L’affermazione di Trump a molti può sembrare esagerata o fuori luogo. E’ probabile  che resterà come il segno più  evidente e profondo per davvero di questa tornata elettorale: non la corsa alla presidenza di un personaggio estremo, ma la delegittimazione dell’esito del voto da parte dello sconfitto, sarà il vero lascito di questa corsa elettorale. Il tema politico da cui dovrà ripartire la prossima volta il candidato alla Presidenza degli Stati Uniti

E’ un dato tuttavia che forse in maniera meno urlata, ma non meno strutturale, riguarda la storia italiana dall’avvento della Repubblica.

L’idea e l’immagine sono quelle di spiegare la sconfitta non tanto come destino avverso, ma soprattutto come risorsa che i “poteri forti” da sempre alleati per sconfiggere tutti coloro che periodicamente si presentano sulla scena della politica o che nella disputa elettorale sentono di rappresentare la chance di cambiamento e di riforma e si trovano spesso a misurare la distanza con chi vince il confronto politico con loro (spesso accuando i propri, o una parte dei propri si averli voluti perdenti). Raccontare la  propria sconfitta significa molto spesso raccontare la storia di chi ha tramato o truccato una partita altrimenti votata ad altro esito.

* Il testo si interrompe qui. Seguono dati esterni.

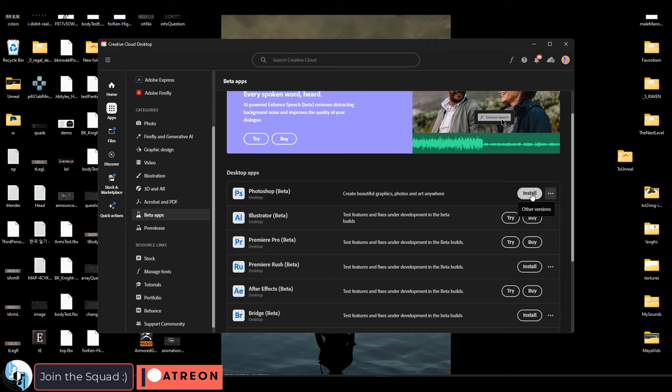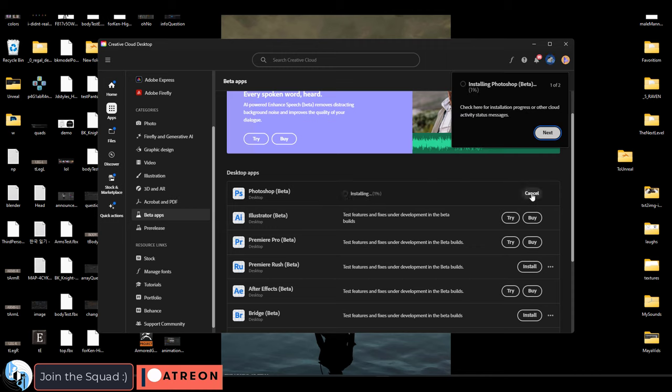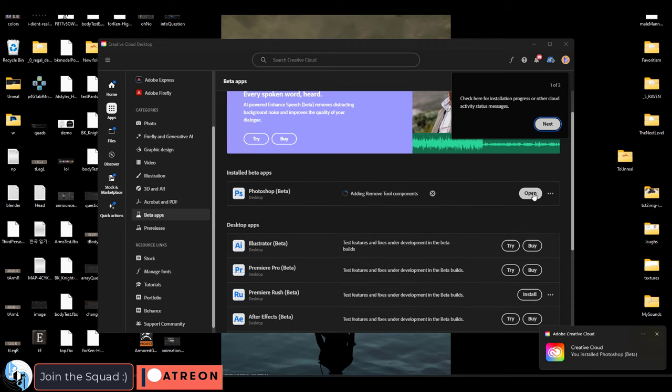You will need to install at least version 25. Anything after version 25 should have Firefly on it. If you've already installed a beta version, just uninstall it and get something after 25.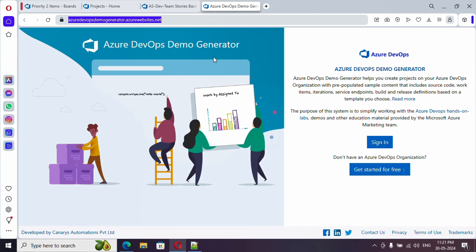It will create work items, repositories, pipelines - so everything will be there for practicing and you can just refer it, so it will be very useful. Now just click on sign in.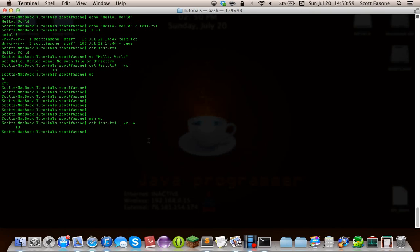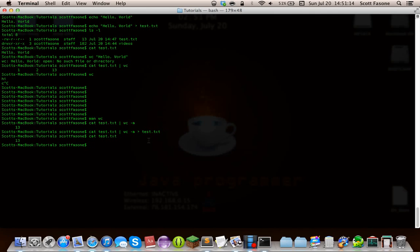We can continue passing things through the pipeline. Imagine if we took the output of that and wrote it to test.txt — now test.txt contains just the number 13 (with a tab). If we then feed that into word count again with -m, there are 9 characters, because there are several spaces and a line feed at the end. You get the point. Let's clear the terminal.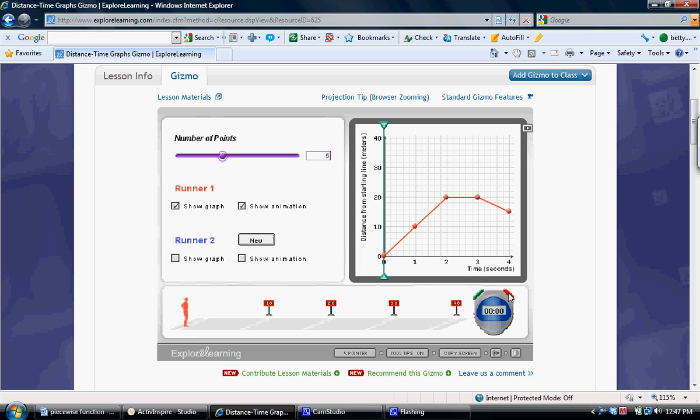Possible responses are: between 0 and 2 seconds the runner moves forward at a high rate of speed. Between 2 and 3 seconds the runner stays in the same place. Between 3 and 4 seconds the runner slowly moves backward.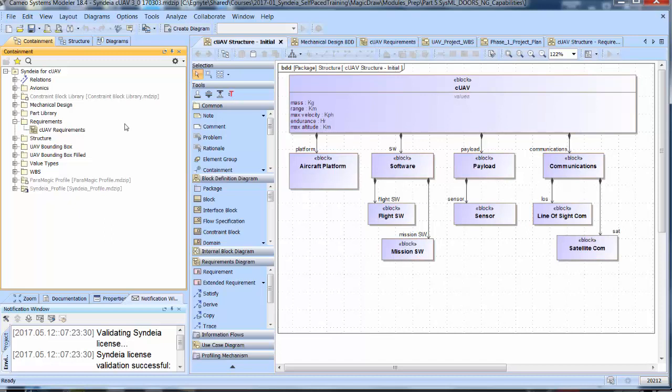The model transform of modules from DOORS NG to SysML is very similar. Starting over with an empty requirements package in SysML,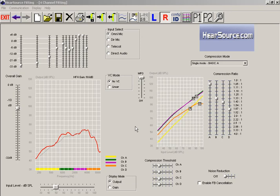Hi there, this is Aaron with HearSource.com. Today we're taking a look at the HearSource fitting software.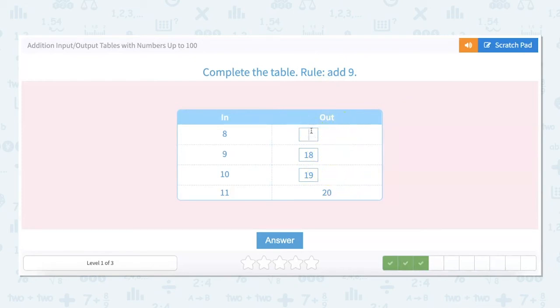I'm going to assume that this is 17, and then I'm going to look at this number: 8 plus 9 is 17.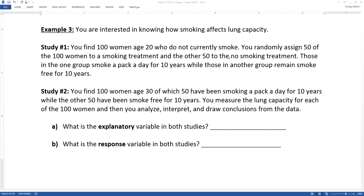Let's explore the difference between an observational study and a designed experiment. Suppose you were interested in knowing how smoking affects lung capacity. Study number one: you find 100 women age 20 who do not currently smoke, and you randomly assign 50 to a smoking treatment and the other 50 to the no-smoking treatment. Those in one group will smoke a pack a day for 10 years, while the other group remains smoke-free for 10 years.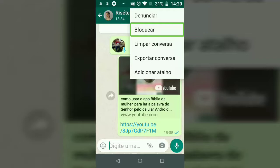Bloquear — what does it consist of? When you click the block option, no one can send messages to you or call you, whether a voice call or a video call.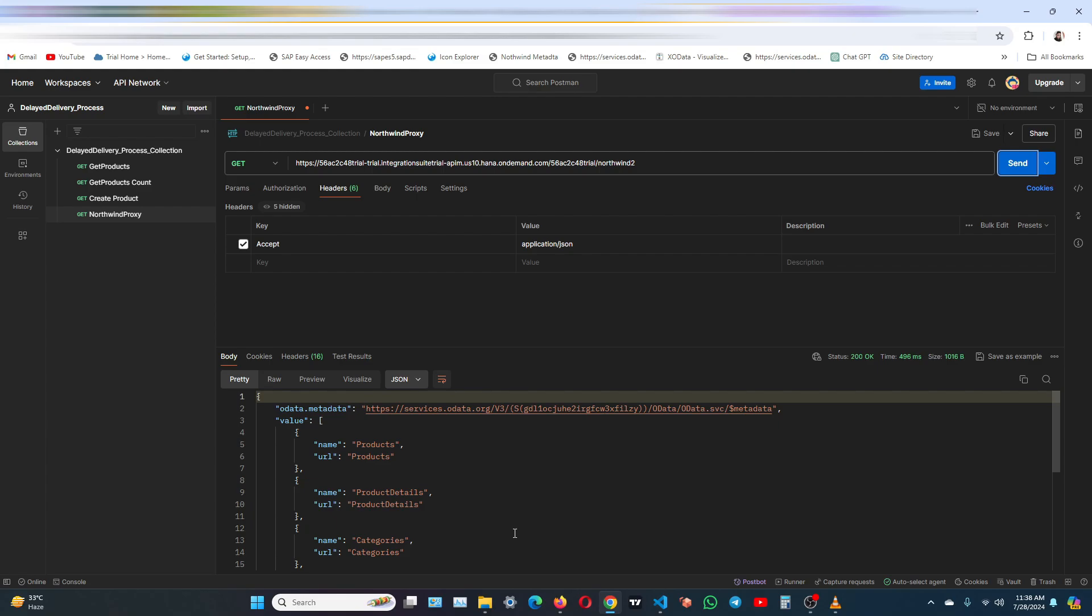So that's it for today's video. We have successfully tested our API proxy using both the SAP integration suite test console and Postman. This step is crucial to ensure our API is ready for production and can handle real-world requests smoothly. Thank you for watching.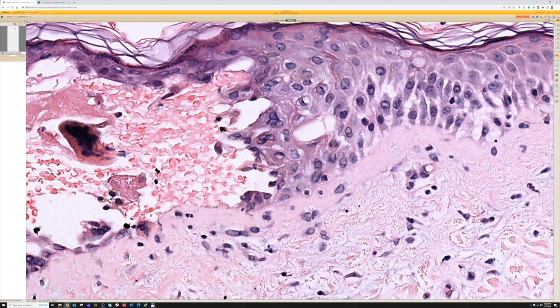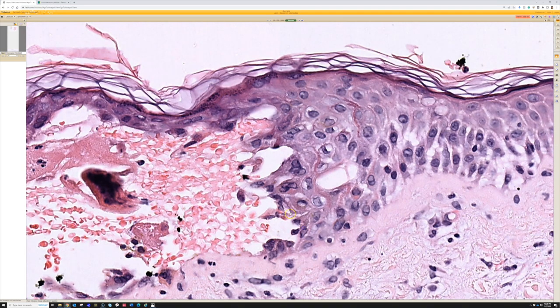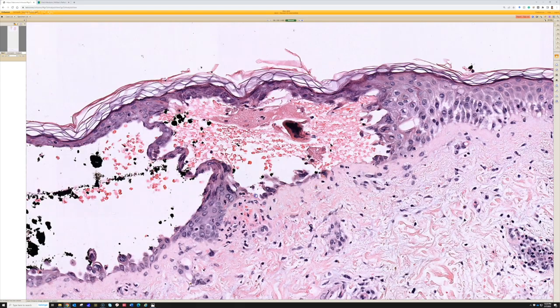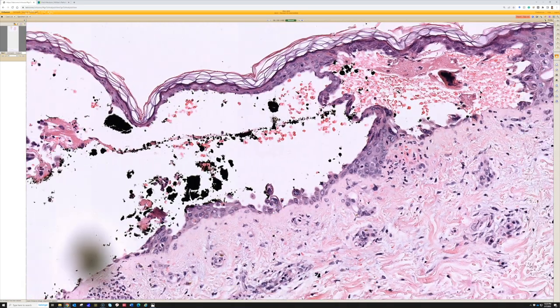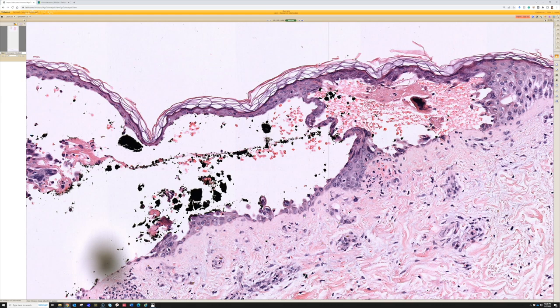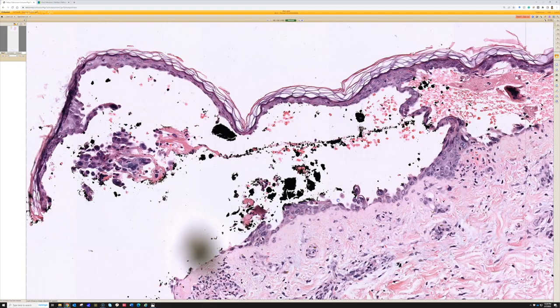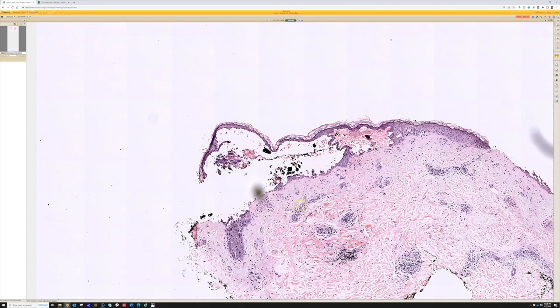I will often do immunostains for HSV 1 and 2 versus VZV because I have them readily available. My treating dermatologist colleagues usually like to know which one it is, as it does change the medication regimen. Otherwise, I just call it herpetic dermatitis and add a comment that I can do the stains to sort out HSV versus VZV if clinically indicated upon request. So this is herpes.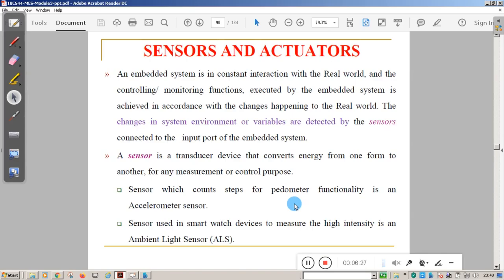With this, the memory session is complete. In the next session we will see sensors and actuators. Thank you for your cooperation.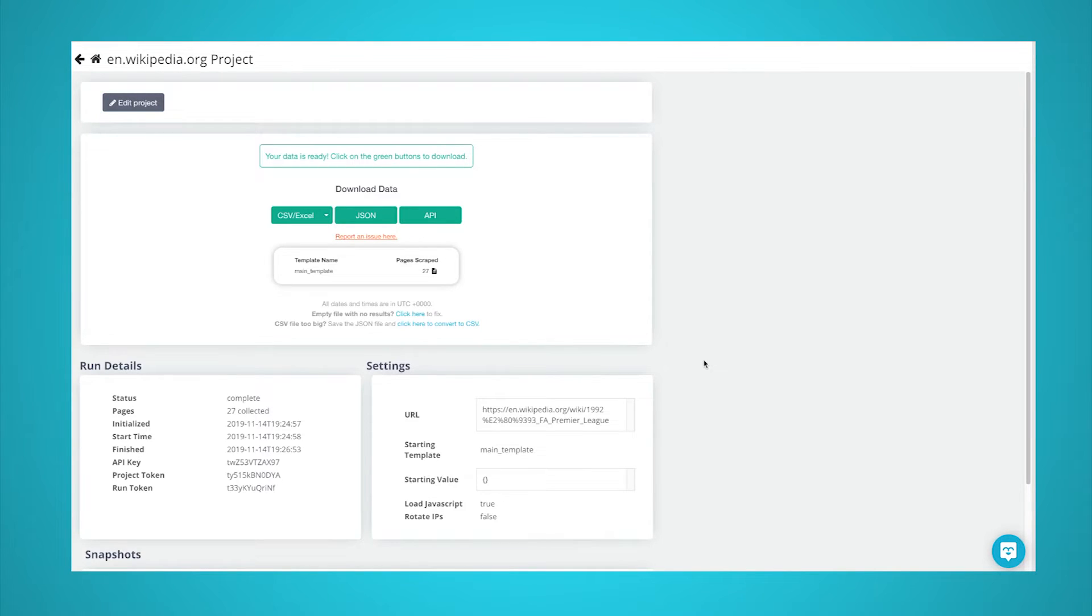Once your scrape is complete, you will be able to download the data as a CSV or JSON file. You now know how to scrape HTML tables from any website.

Filippo Maria Battaglia e Paolo Volterra con Bisogna saper perdere. Sconfitte, congiure e tradimenti in politica da De Gasperi a Renzi (Bollati Boringhieri) forniscono un variegato campionario di storie e di figure che si riconoscno in questa parabola.

Per esempio: Ferruccio Parri che si dimette nel novembre 1945 e che minaccia un colpo di Stato in corso (una scena quella delle dimissioni di Parri che Carlo Levi nel suo L’orologio aveva descritto con maggior sobrietà, bisogna dire); Alcide De Gasperi, che esce lentamente di scena, e che da leader indiscusso del suo partito vive il lento abbandono; Ciriaco De Mita, uno sconfitto sempre che governa per un decennio.

Oppure Bettino Craxi e  Achille Occhetto che spiegheranno le loro rispettive sconfitte rispolverando la retorica della vittima. Per non dimenticare, infine, Mario Segni, o Mario Monti e soprattutto Romano Prodi, il capo governo che cade due volte (nell’ottobre 1998 e poi nel gennaio 2008) in un clima di forti contrasti interni e che farà del suo presentarsi come vittima la carta da visita del politico puro.

La storia dell’Italia repubblicana è un lungo serial di sconfitti che rivendicano la loro condizione di vittime di poteri forti, di inganni. Il che vuol dire che la sconfitta, proprio perché ritenuta “immeritata” non determina l’uscita di scena. La sconfitta, invece,  in questa logica viene raccontata come la conseguenza di un gioco basato sull’imbroglio o sulla doppiezza. Figlia non già della competizione politica, del confrionto aperto, bensì della doppiezza che si annida soprattutto tra “gli amici”.

Davvero Donald Trump è lontano dal vecchio, vizio della politica italiana?